Tangga Gripe adalah satu berkat bagi masyarakat, suatu keunikan di Lamalera. Tibalah saatnya pada satu hari di tengah tahun 2000, orang membongkar Gripe yang masyhur itu, karena nampaknya Gripe akan tetap menghalangi perkembangan lalu lintas di zaman yang semakin maju. Sementara itu kendaraan beroda dua dan roda empat pun mulai memasuki Lamalera, tapi belum bisa sampai ke Lamalera atas. Jadi tangga semen itu sekarang tidak ada lagi, entah dibingkar entah ditutup, dan telah dibangun sebuah jalan yang bisa dilewati oleh kendaraan bermotor. Sebuah jalan yang dengan semen, dan dianggap cukup mantap untuk lalu lintas yang semakin lancer antara desa Lamalera A dan desa Lamalera B.
Bagaimanapun juga kenangan manis akan Gripe yang doeloe itu rupanya belum lenyap, karena toh ada nilai uniknya. Berdiri di atas Gripe seolah-olah berdiri di serambi gedung beberapa tingkat, dan orang menikmati panorama yang memesona di sebelah kiri hamparan perumahan penduduk Lamalera B, di samping deretan bangsal-bangsal tempat penyimpan peledang-peledang, di sebalah kanan laut nan jernih transparan berhiaskan ombak putih-putih berkilat laksana kristal yang tak henti-hentinya membelai pantai dengan hidangan rupawan bervariasi. Laut di depan Lamalera adalah mare nostrum alias lefa kame bagaikan kolam raksasa untuk ikan-ikan raksasa. Tapi Gripe bisa jadi tempat untuk aneka perjumpaan. Bayangkan kalau Anda datang dari Lamalera B ( Lamalera bawah) dan sesampai di atas muncullah si ‘kekasih’. Jadilah tempat perjumpaan para kekasih. Tuhan betapa agung karya tangan-Mu!.
Gripe
Jadi Gripe yang berupa tangga sempit kira-kira 50 cm lebarnya itu puluhan tahun telah berjasa sebagai jembatan satu-satunya yang menghubungkan Lamalera atas dan Lamalera bawah. Tak terbilang kaki manusia lewat di tangga itu: dari segala umur, untuk segala macam urusan; anak-anak sekolah; pelaut-pelaut yang tiap hari turun naik untuk pergi ‘lefa’; ibu-ibu dan gadis-gadis yang pergi pulang ‘penetang’ dan kalau ada hasil tangkapan di laut, di Gripe itu Anda boleh saksikan orang memikul atau menjunjung potongan-potongan daging ikan yang berat itu sambil naik anak tangga demi anak tangga dengan napas terenga-enga tapi dalam semangat gembira karena Tuhan telah memberikan berkat-Nya; lewat Gripe itulah jalan pergi dan pulang bagi umat beriman ke dan dari ibadat di Gereja.

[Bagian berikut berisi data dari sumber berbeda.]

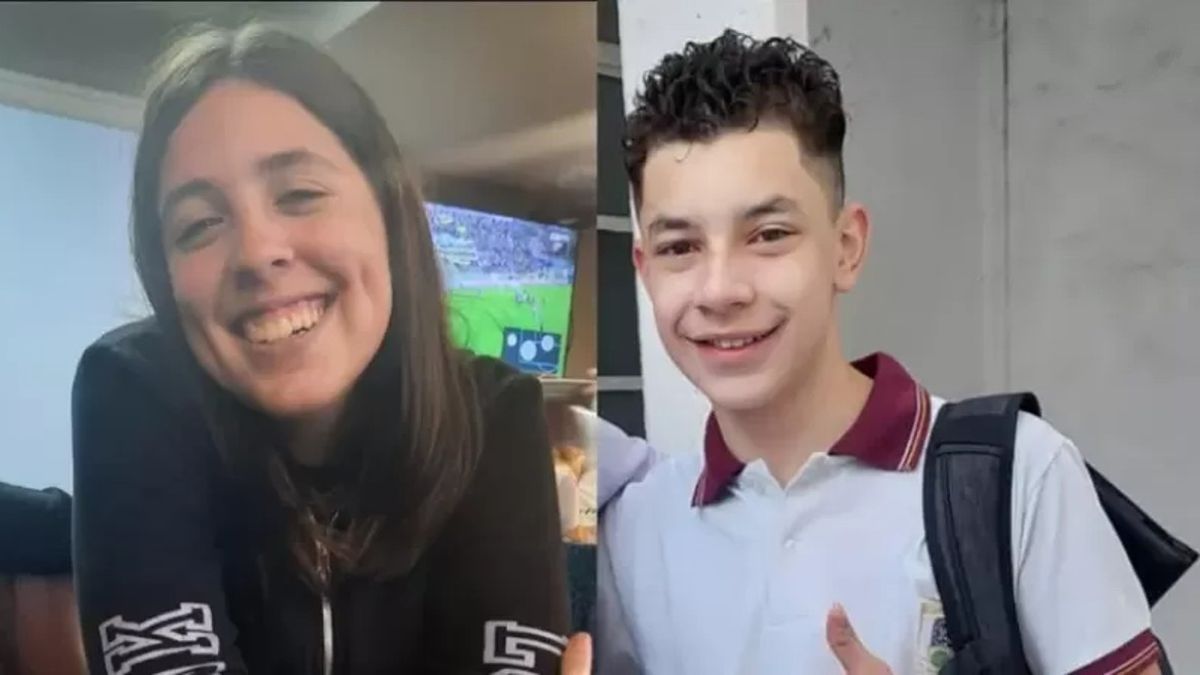 Los jóvenes van al colegio Misericordia.&nbsp;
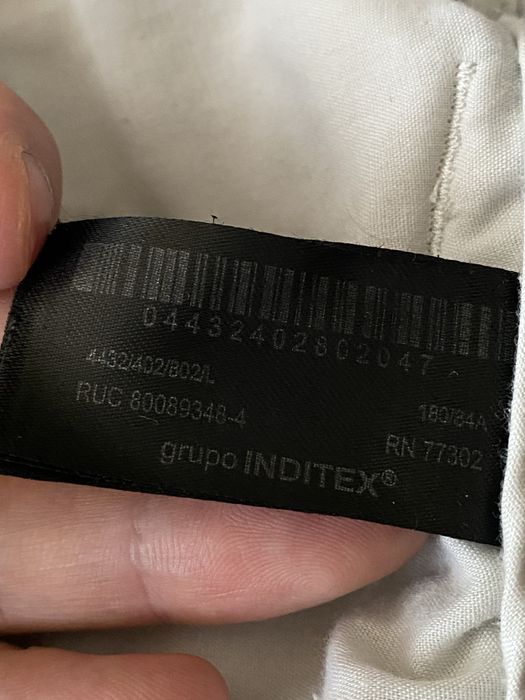 Джошеры из льна Zara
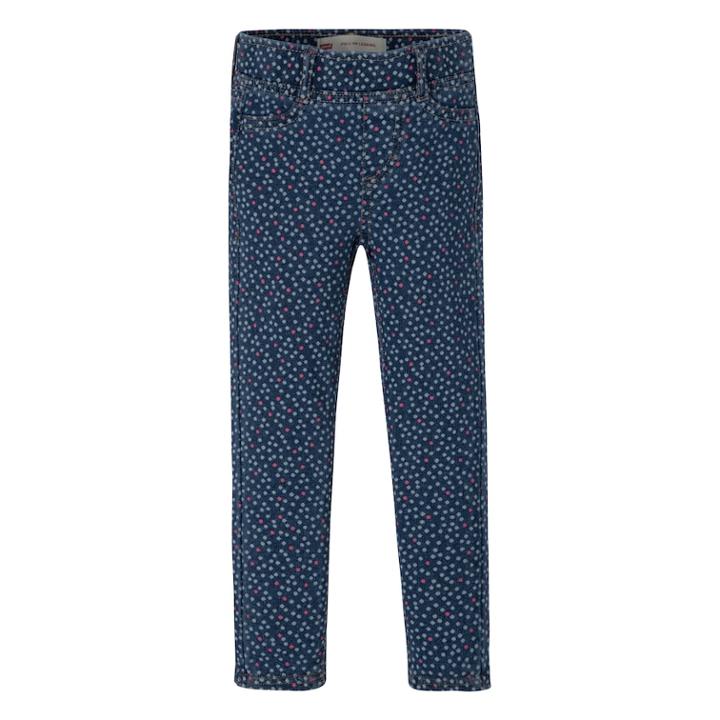 Girls 4-6x Haley May Pull-on Leggings, Size: 4, Blue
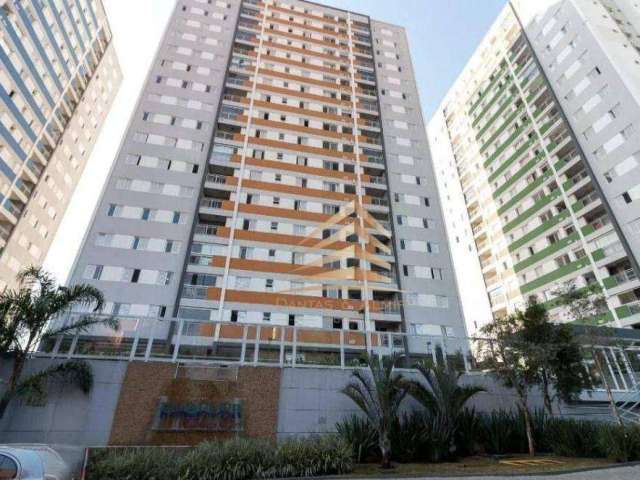 Vendo Apartamento de 3 dormitórios com suíte e terraço com churrasqueira 2 vagas de garagem no Condomínio Forever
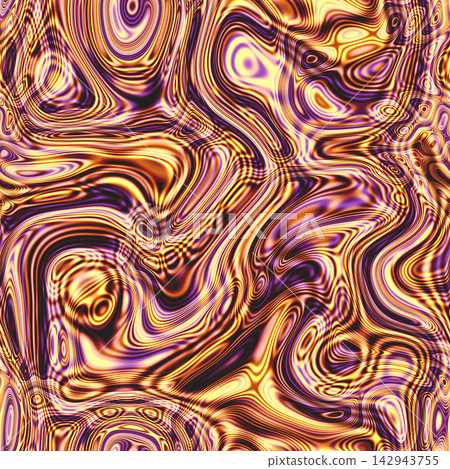 Molten Liquid Gold Marble Waves Seamless Psychedelic Abstract Texture Molten Liquid Gold Marble Waves Seamless Psychedelic Abstract Texture 142943755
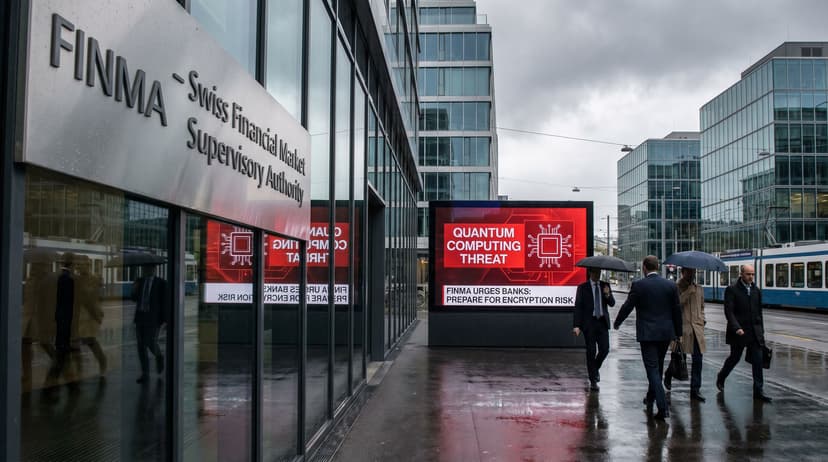 FINMA Sounds Alarm: Swiss Banks Urged to Prepare for Quantum Computing Threat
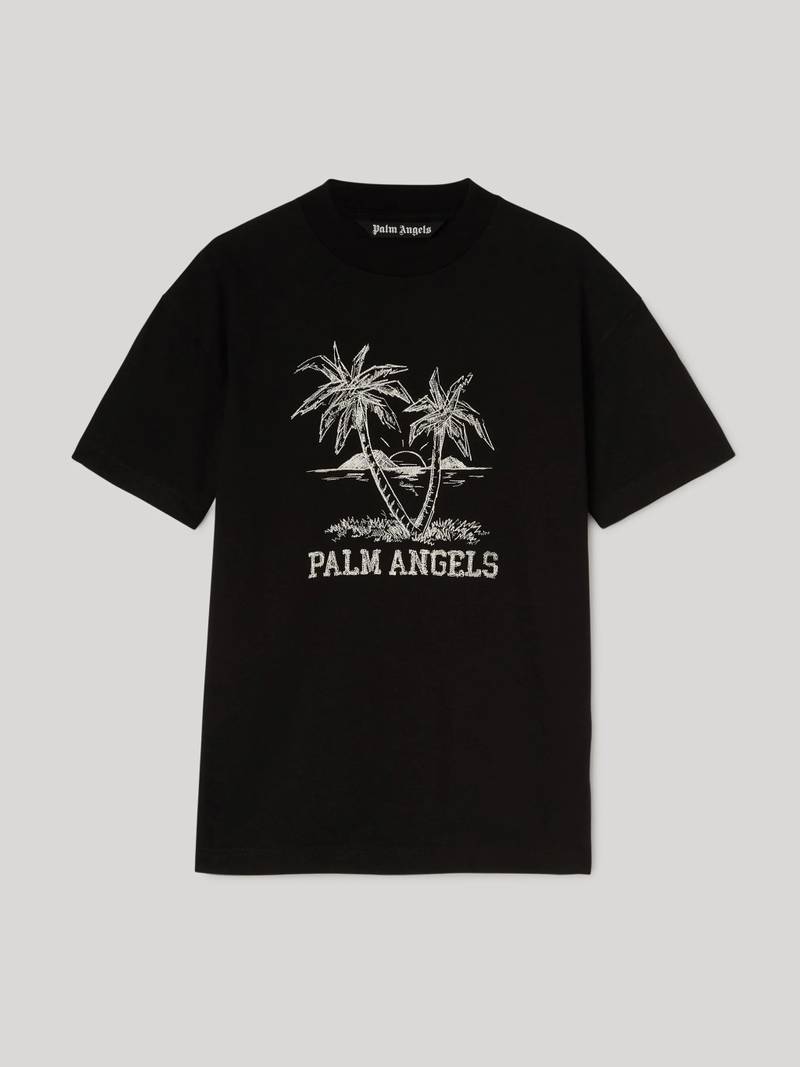 SUNSET PALMS T-SHIRT - 1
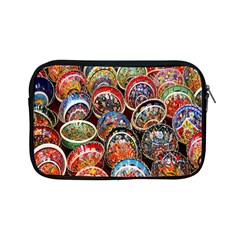 Colorful Oriental Bowls On Local Market In Turkey Apple Ipad Mini Zipper Cases by BangZart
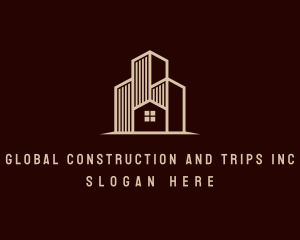 Interior Designer - Building Real Estate logo design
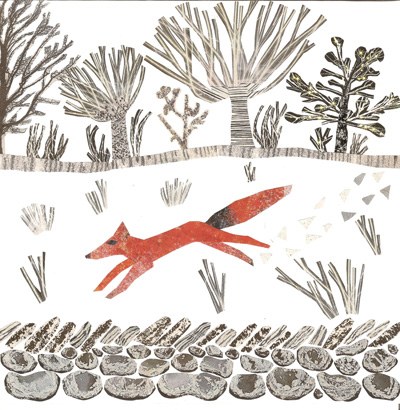 JRB0022 A snow fox PLMOB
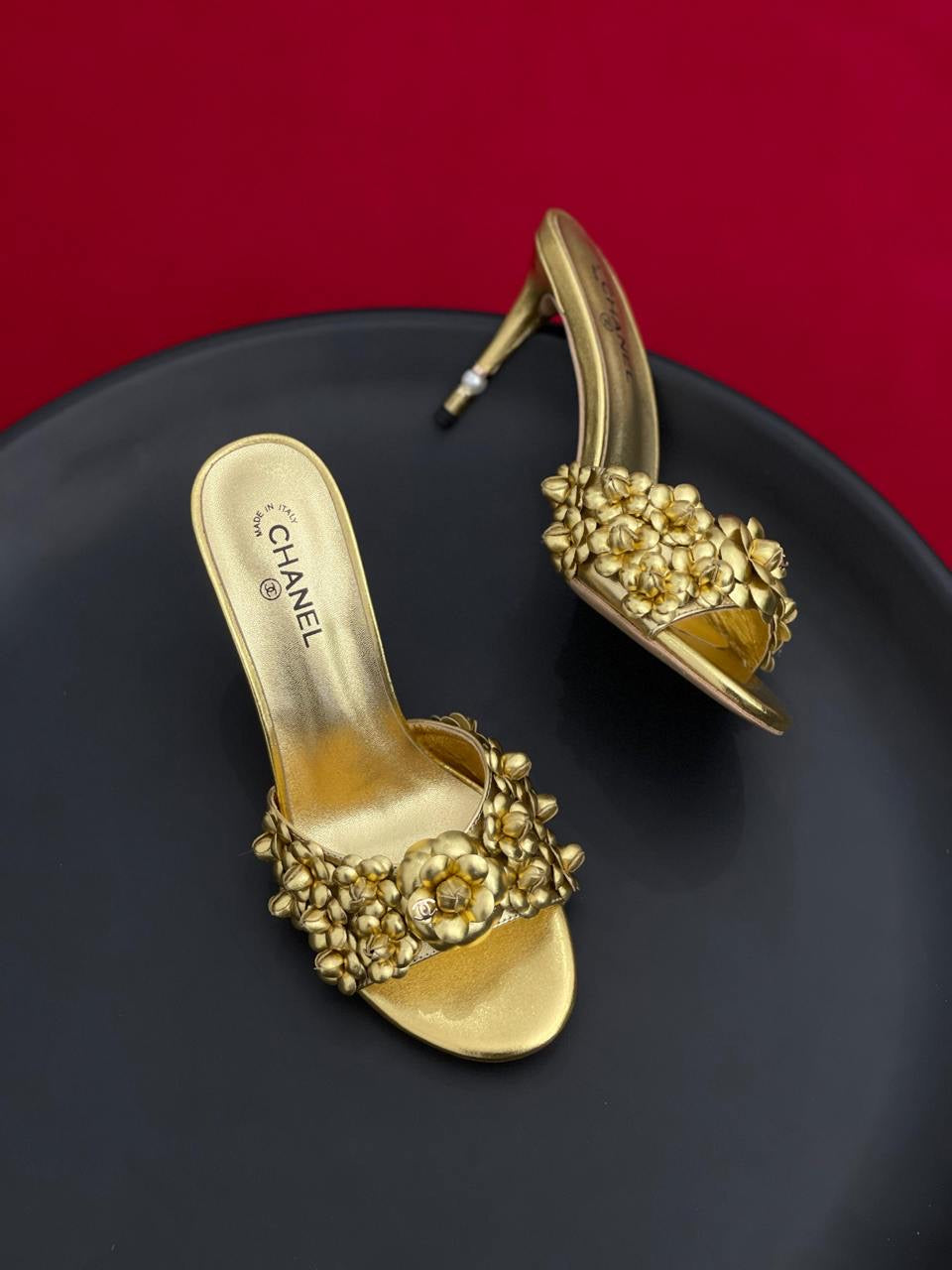 Chanel Heels 5 colors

Lewat jalan Gripe itu perarakan panjang Corpus Cristi (Sakramen Mahakudus) dan Jumad Agung. Pater Bode dan para penggantinya secara konsisten mengadakan prosesi-prosesi itu dengan obor-obor bernyala, sebagai tradisi Kristiani dan meski dilagsungkan pada malam hari dan melewati tangga yang sempit di Gripe itu, tidak pernah terjadi suatu kecelakaan. Dan lewat Gripe yang sempit itu pula jalan terakhir bagi yang meninggal di Lamalera bawah. Dengan hormat dan hati-hati para pengusung membawa peti jenasah melalui tangga sempit itu menuju Gereja dan akhirnya ke pemakaman.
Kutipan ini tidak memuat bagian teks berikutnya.